Religion seems to be stuck on American politics. In the first place, this is not supposed to be the case. With such a belief, most Americans are threatening their formally secular political institutions.
Speaking about religious exhibitionism, think about Keith Ellison who brought a Koran when he was sworn in last January in the House of Representatives. You also probably lost the count on the moments when president George W. Bush said that he's a born-again Christian. Besides, Republican candidate Mitt Romney doesn't hesitate to talk about his Mormon background.
So much noise in the media for laughable things!
Now, we hear about Republican candidate Fred Thompson who received an endorsement from the National Right To Life group two days ago. Obviously, this is due to Thompson's opposition to abortion. However, he doesn't think that the federal government should criminalize abortion. Indeed, Thompson said that it's the States' call.

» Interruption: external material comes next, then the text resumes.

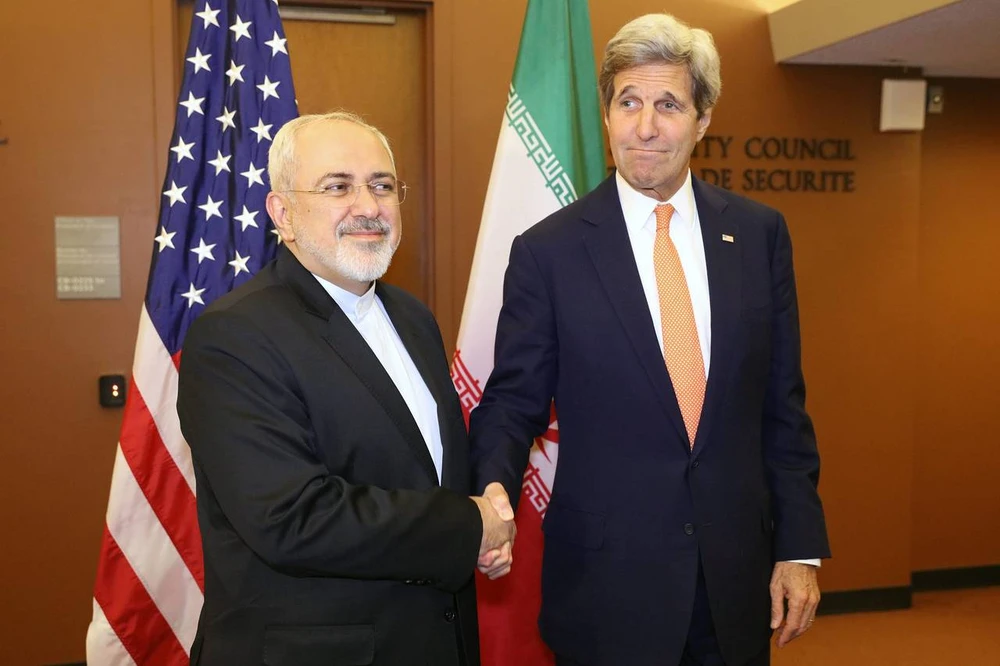 Thỏa thuận hạt nhân giúp mở đường cải thiện quan hệ Mỹ-Iran. Ngoại trưởng Iran Mohammad Javad Zarif (trái) gặp Ngoại trưởng Mỹ Joh Kerry tại LHQ ngày 19-4.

Regardless of what some American politicians say, the inclusion of religious sentiments (I'm not talking about symbols) shouldn't impair their legislative judgement. If not, it will be a disrespect to the Amendment I of the U.S. Bill of Rights. According to it, the Congress can't make a law with a religious nature.
In the end, talking about one's opposition to abortion is a pure waste of time because of secularism and also because of the Supreme Court's judgement known as Roe vs. Wade.
This should remind us about former American president Thomas Jefferson famous phrase that there should be a "wall of separation" between the state and the church.
Globally speaking, most American citizens don't respect at all the secular nature of their government as American journalist Cathy Young pointed it out. We're not talking here about imposing a religion on people, that is politicians, but rather checking religious piety. All in all, you may have good ideas on public policies, but if you regard religion as a private matter, you're making a career suicide. Indeed, "in a 2000 Pew Research Center poll, 70 percent of Americans said that they wanted a presidential candidate to be religious" (C. Young, 2004).
Strange though it might sound, Americans, in general, cherish their Constitution. However, how many of them fully respect it? Not that much. In fact, the article VI of the U.S. Constitution clearly stipulates that "no religious test shall ever be required as a qualification to any office or public trust under the United States."
With that said, the USA may be a formally and constitutionally a secular country unlike Canada. However, the behaviour of most American citizens constitutes a mockery to the Founding Fathers' heritage. Let's be very clear: a threat to secularism is also a threat to democracy, because religion and patriotism don't go together. The day when a secularist can run in politics without being lambasted is not likely to happen soon in the USA, unfortunately.